Com mais dinheiro, há mais investimento e mais trabalho. Em 2008, o desemprego caiu na América Latina pelo quinto ano consecutivo, fechando em uma média regional de 7,4%. A previsão é que sejam criados, mesmo com a crise, entre 1,5 milhão e 2,4 milhões de postos de trabalho em 2009. A especialista em emprego da OIT no Brasil Janine Berg salienta que, se os últimos cinco anos foram muito bons, deve-se muito ao Brasil, cuja população economicamente ativa representa 40% do total da América Latina.

SAÚDE DEMOCRÁTICA

No embalo do aumento da renda, a saúde da população melhorou. Fica bem visível na transformação gradual da "pirâmide demográfica", em que havia muitas crianças na base e poucos idosos em cima, para um formato cada vez mais cilíndrico, com o grosso da população entre os adultos. Na Venezuela, destaca-se a experiência com médicos de bairro ("Barrio Adentro"), que já leva atendimento básico a 89% da população. Entre o controle de doenças, destaca-se o trabalho preventivo da aids no Brasil.

INDICADORES SOCIAIS

Entre os avanços que se percebe nos indicadores sociais do subcontinente, o historiador da Universidade Federal do Rio de Janeiro André Chevitarese destaca a queda do analfabetismo. Até o ano que vem, todos os países devem baixar sua taxa de analfabetismo em relação a 2005, com exceção de Honduras e Nicarágua. Barbados, Bahamas, Antilhas devem manter índice estável.
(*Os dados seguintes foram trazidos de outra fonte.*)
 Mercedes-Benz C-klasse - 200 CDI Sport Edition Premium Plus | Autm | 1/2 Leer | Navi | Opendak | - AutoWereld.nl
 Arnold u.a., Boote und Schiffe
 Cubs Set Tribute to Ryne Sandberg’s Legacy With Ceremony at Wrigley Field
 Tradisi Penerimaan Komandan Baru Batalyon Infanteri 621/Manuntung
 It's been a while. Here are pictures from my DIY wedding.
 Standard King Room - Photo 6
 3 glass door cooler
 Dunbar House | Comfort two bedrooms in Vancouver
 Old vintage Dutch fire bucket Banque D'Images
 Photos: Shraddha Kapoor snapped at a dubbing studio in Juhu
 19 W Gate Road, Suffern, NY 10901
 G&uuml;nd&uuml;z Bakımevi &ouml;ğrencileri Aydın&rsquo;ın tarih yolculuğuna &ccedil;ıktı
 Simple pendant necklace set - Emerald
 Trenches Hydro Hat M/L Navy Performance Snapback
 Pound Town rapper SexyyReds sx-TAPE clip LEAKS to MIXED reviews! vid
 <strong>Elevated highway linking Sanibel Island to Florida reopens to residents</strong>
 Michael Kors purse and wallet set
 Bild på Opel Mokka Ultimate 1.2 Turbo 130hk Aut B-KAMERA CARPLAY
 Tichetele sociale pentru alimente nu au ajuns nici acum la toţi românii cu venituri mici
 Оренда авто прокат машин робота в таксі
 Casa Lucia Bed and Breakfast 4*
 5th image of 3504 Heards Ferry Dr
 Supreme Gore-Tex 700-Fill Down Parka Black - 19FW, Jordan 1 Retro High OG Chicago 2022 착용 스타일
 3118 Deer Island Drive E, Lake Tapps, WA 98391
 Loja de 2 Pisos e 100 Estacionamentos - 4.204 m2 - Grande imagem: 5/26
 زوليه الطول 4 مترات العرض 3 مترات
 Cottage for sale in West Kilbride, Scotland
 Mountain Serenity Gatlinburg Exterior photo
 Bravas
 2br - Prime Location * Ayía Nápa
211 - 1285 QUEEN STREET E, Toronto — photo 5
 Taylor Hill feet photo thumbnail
Programas governamentais como o Bolsa Família, no Brasil, "aprofundaram o benefício de reformas econômicas de governos anteriores", na opinião de Chevitarese. Em 2008, a Venezuela chamou a atenção ao passar da 74ª posição para 61ª. O subcontinente tem nove países na lista dos 75 melhores Índices de Desenvolvimento Humano do planeta. O Chile é o primeiro, na 40ª posição. O índice inclui expectativa de vida, nível de instrução e renda.

BOM PARA A AUTOESTIMA

Por mais questionáveis que sejam quanto aos resultados, medidas populistas como a expulsão de embaixadores americanos por Venezuela, Bolívia e Equador contribuíram para o sentimento de autoestima da população desses países. Com trabalho mais estruturado, o Brasil procura conquistar novos espaços no mundo, com ênfase para a vaga no Conselho de Segurança da ONU. "Estamos construindo paulatinamente uma ordem jurídica internacional de poder menos concentrado", diz a professora de Relações Internacionais da UniBrasil Larissa Ramina.